3 idées reçues sur les colorants végétaux, et pourquoi elles méritent d’être dépassées

Au CRITT Horticole, nous accompagnons les acteurs de la filière dans des démarches d’innovation, de recherche, de développement et de caractérisation de colorants d’origine végétale. L’occasion de faire le point sur trois idées reçues tenaces… et d’y apporter un éclairage scientifique.
Idée reçue n°1 : Les colorants végétaux ne tiennent pas dans le temps
C’est probablement la critique la plus répandue. Les colorants végétaux seraient instables, sensibles à la lumière ou au lavage, et donc incompatibles avec des usages exigeants. La réalité est plus nuancée.
La tenue d’un colorant, qu’il soit naturel ou synthétique, dépend de nombreux paramètres : nature de la molécule colorante, support, conditions d’application, traitements post-coloration, exposition à la lumière ou à l’humidité.

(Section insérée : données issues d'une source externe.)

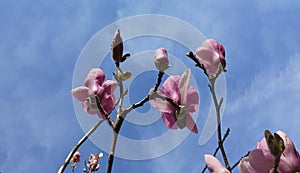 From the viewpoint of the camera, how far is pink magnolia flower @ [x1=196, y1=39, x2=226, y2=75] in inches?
63.1

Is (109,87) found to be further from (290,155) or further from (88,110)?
(290,155)

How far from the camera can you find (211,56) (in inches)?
63.9

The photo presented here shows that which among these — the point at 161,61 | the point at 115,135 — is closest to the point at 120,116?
the point at 115,135

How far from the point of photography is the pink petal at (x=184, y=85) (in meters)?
1.44

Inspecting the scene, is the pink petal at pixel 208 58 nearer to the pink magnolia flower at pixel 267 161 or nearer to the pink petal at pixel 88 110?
the pink petal at pixel 88 110

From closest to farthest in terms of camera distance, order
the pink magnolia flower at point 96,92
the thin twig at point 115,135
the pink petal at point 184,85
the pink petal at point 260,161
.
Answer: the pink petal at point 260,161 < the thin twig at point 115,135 < the pink petal at point 184,85 < the pink magnolia flower at point 96,92

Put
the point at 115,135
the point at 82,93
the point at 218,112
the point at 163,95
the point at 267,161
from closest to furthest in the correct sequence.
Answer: the point at 267,161 → the point at 115,135 → the point at 218,112 → the point at 163,95 → the point at 82,93

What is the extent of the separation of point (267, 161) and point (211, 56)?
2.31 feet

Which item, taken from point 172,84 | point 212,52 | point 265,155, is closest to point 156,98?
point 172,84

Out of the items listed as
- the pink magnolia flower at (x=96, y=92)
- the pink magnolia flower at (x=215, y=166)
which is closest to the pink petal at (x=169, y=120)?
the pink magnolia flower at (x=96, y=92)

Aujourd’hui, les travaux de recherche permettent :
- d’identifier précisément les familles de molécules (anthocyanes, flavonoïdes, anthraquinones, etc.) ;
- d’optimiser les procédés d’extraction, de formulation et d’application ;
- d’améliorer la tenue à la lumière ou au vieillissement par des ajustements physico-chimiques.
Certains colorants végétaux présentent désormais des performances compatibles avec des usages professionnels, à condition d’adapter les procédés.
Idée reçue n°2 : Les colorants végétaux donnent peu de couleurs
Beaucoup imaginent une palette limitée à quelques tons pastel : beige, brun, jaune pâle… une vision largement dépassée.
La diversité chromatique du végétal est remarquable !
Selon les espèces, les organes utilisés (racines, feuilles, fruits, fleurs) et les conditions d’extraction, on peut obtenir :
- des rouges profonds, violets et bordeaux ;
- des jaunes intenses et orangés ;
- des bruns, verts ou noirs complexes ;
- et même des variations de teinte liées au pH ou aux traitements appliqués.
Les colorants végétaux offrent en outre une richesse de nuances souvent difficile à reproduire avec des pigments de synthèse standardisés.
Le végétal ne limite pas la couleur, il ouvre au contraire un champ créatif très large.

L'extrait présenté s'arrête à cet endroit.